After winning the 1st at Hyderabad in a spirited manner by 28 runs, England’s ‘Bazball’ approach lost the plot in the 2nd test at Visakhapatnam and lost the match by 106 runs. Despite chasing down a mammoth total of 399 runs in the 4th innings, England went on with their fearless ‘Bazball’ approach but eventually succumbed to the Indian conditions and fell short of the target by 106 runs.
England’s attacking approach in tests has been quite popular since it came into being and has won them quite a few match matches in the last year and a half. According to many pundits, this five-match series in India was the test for ‘Bazball’ and fans were excited to see how England’s aggressive approach in tests would fare in India’s testing conditions.

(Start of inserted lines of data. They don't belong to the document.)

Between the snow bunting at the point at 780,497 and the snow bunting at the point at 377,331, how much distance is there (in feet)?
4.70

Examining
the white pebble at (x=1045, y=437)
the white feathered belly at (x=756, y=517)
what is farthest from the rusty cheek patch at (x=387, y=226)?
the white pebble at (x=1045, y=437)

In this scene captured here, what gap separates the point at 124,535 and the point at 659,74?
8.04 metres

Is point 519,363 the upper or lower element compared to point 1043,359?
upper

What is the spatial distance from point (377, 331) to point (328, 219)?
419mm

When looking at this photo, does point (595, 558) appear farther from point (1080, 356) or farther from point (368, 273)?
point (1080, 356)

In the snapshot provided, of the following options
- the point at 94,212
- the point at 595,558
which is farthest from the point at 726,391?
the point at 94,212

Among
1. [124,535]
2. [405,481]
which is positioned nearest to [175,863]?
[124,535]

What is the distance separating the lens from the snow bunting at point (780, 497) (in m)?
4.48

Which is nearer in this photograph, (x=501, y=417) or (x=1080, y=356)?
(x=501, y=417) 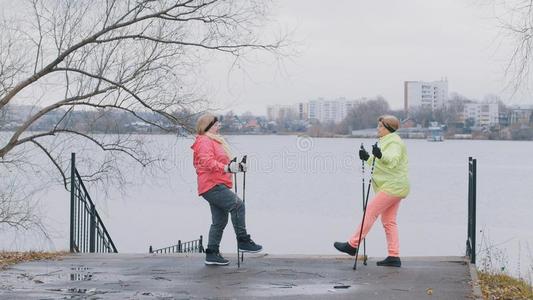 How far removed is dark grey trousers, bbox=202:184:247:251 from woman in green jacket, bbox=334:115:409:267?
1.24 m

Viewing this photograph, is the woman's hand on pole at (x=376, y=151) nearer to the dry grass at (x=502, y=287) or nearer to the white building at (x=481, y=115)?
the dry grass at (x=502, y=287)

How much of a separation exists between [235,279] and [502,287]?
9.55 ft

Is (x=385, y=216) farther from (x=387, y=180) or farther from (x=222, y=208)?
(x=222, y=208)

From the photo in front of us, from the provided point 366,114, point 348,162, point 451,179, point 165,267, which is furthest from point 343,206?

In the first two tests, the ‘Bazball’ approach got a mixed response from fans and cricket analysts. After the victory in the 1st test, people were hailing this new approach by England but the 106 runs lost in the 2nd test against an injury-stricken Indian team has grounded the ‘Bazball’ approach to an extent.
England’s former captain Geoffrey Boycott has launched a scathing attack on England’s approach in the 2nd test and has called out the England captain and coach for mindlessly attacking instead of playing according to the situation.
In a column in The Telegraph, Boycott wrote, “Brendon McCullum and Ben Stokes are besotted with attack, attack, attack. It’s as if they say ‘If we can’t win, we will go down in glorious failure instead.’ But there is no glory in failure or defeat,” Boycott wrote in his column on The Telegraph.
“Bazball is great entertainment when it comes off. But once you believe in an ideal over substance, then you have lost the plot. Today England gave the match away. Bazball was a failure.”
Boycott criticized Joe Root’s overly aggressive approach
Boycott also slammed Joe Root for being too attacking to fit himself in this England test setup. He feels that Root with his solid technique is better off with old ways of scoring big runs at his usual pace.
Boycott in his column wrote, “Scoring at five an over was entertaining but too many batsmen gave their wickets away after good starts. The best way to achieve a total of nearly 400 is by one of the batsmen scoring a big hundred. Looking to go after good bowlers and scoring quickly comes with risk.
Bazball cost Joe Root his wicket. As soon as he came in, he was dancing down the pitch trying to hit it over the top, and very soon swiped it up in the air. He only scored 16. England’s best technical batsman is normally a busy player who scores at a good rate, but trying to go after the bowling as soon as he comes in takes him out of his comfort zone.”